Retype the listing exactly. Leave out the images.

**Raw data:**
____________________

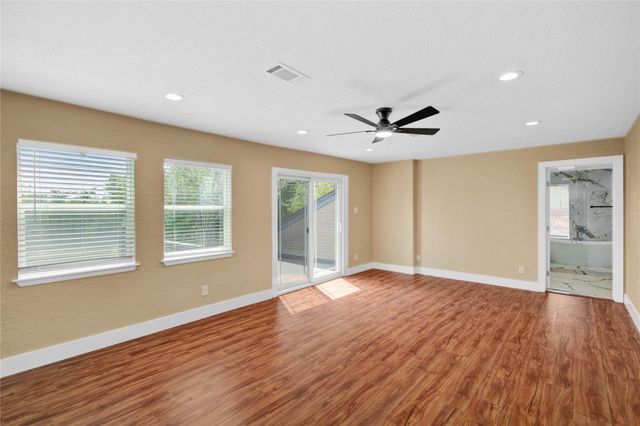 16406 Brook Forest Drive, Houston, TX 77059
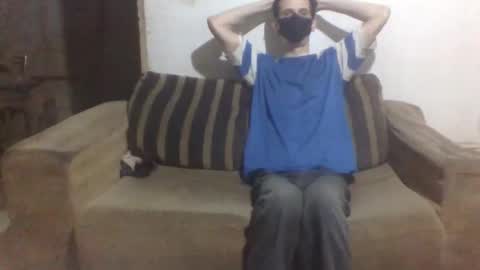 nudetastic online show from March 7, 1:16 am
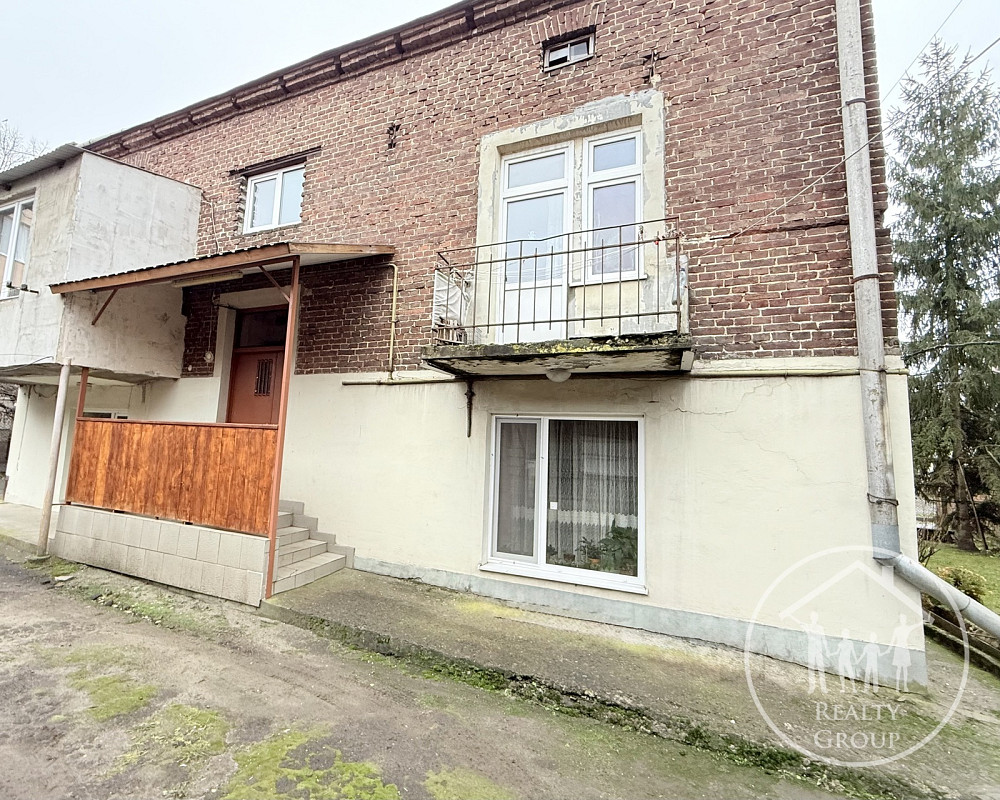 Продаж Квартира 2-кімнатна, 2/2 поверх на Грибова, 4 L'viv - photo 17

____________________

**Solution to the problem:**
 16406 Brook Forest Drive, Houston, TX 77059
 nudetastic online show from March 7, 1:16 am
 Продаж Квартира 2-кімнатна, 2/2 поверх на Грибова, 4 L'viv - photo 17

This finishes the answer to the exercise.